The goal of this vignette is to walk through modeltuning
usage in detail. We’ll be training a classification model on the
iris data-set to predict whether a flower’s species is
Virginica or not.
library(e1071)
library(modeltuning) # devtools::install_github("dmolitor/modeltuning")

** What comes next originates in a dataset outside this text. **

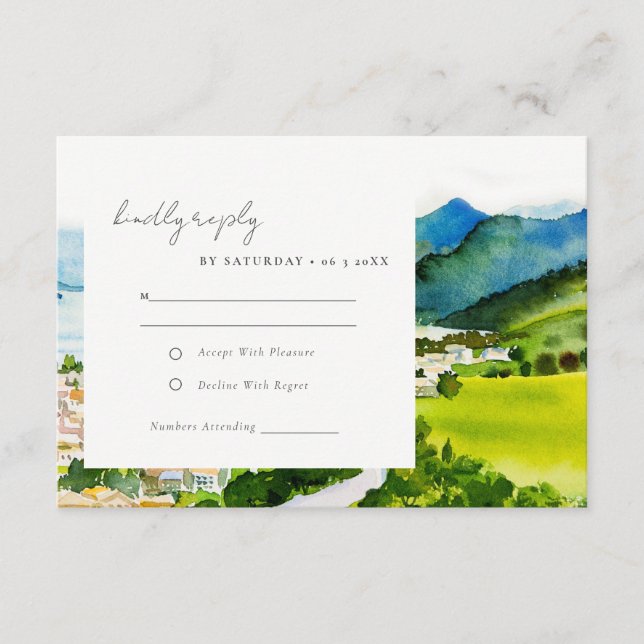 Tarjeta De Recepción Boda de acuarela Rustryside Lake Village (Anverso)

library(yardstick)First, let’s generate a bunch of synthetic data observations by
adding random noise to the original iris features and
combining it into one big dataframe.
iris_new <- do.call(
what = rbind,
args = replicate(n = 10, iris, simplify = FALSE)
) |>
transform(
Sepal.Length = jitter(Sepal.Length, 0.1),
Sepal.Width = jitter(Sepal.Width, 0.1),
Petal.Length = jitter(Petal.Length, 0.1),
Petal.Width = jitter(Petal.Width, 0.1),
Species = factor(Species == "virginica")
)
# Shuffle the data-set
iris_new <- iris_new[sample(1:nrow(iris_new), nrow(iris_new)), ]
# Quick overview of the dataset
summary(iris_new[, 1:4])
# Sepal.Length Sepal.Width Petal.Length Petal.Width
# Min. :4.298 Min. :1.998 Min. :0.9983 Min. :0.09802
# 1st Qu.:5.100 1st Qu.:2.799 1st Qu.:1.5984 1st Qu.:0.29982
# Median :5.799 Median :3.001 Median :4.3500 Median :1.30119
# Mean :5.843 Mean :3.057 Mean :3.7580 Mean :1.19931
# 3rd Qu.:6.400 3rd Qu.:3.302 3rd Qu.:5.1000 3rd Qu.:1.80069
# Max. :7.902 Max. :4.401 Max. :6.9014 Max. :2.50172The following modeling approach holds for the CV,
GridSearch and GridSearchCV classes, which are
all very slight variations of each other. Common arguments are as
follows:
learner: This is where you pass your predictive
modeling function; in our case a Support Vector Machine, so
e1071::svm from the e1071 package.
scorer: This is a named list of metric functions
that will evaluate the model’s predictive performance. Each metric
function should have two arguments, truth and
estimate that intake the true outcome values and the
predicted outcome values. It should output a scalar numeric score. The
yardstick package
provides a wide array of these metric functions that should cover most
common cases. E.g. for the RMSE of a regression,
scorer = list(rmse = yarstick::rmse_vec).
learner_args: This is a named list of function
arguments that get passed directly to the learner function.
For example, the e1071::svm function takes a
type argument specifying whether it is a regression or
classification task. You could specify a classification task as
learner_args = list(type = "classification").
scorer_args: This is a named list of function
arguments to pass to the scorer functions in scorer. This
list should have one element per element in scorer. E.g. if
scorer = list(rmse = rmse_vec, mae = mae_vec) then
scorer_args = list(rmse = list(...), mae = list(...)).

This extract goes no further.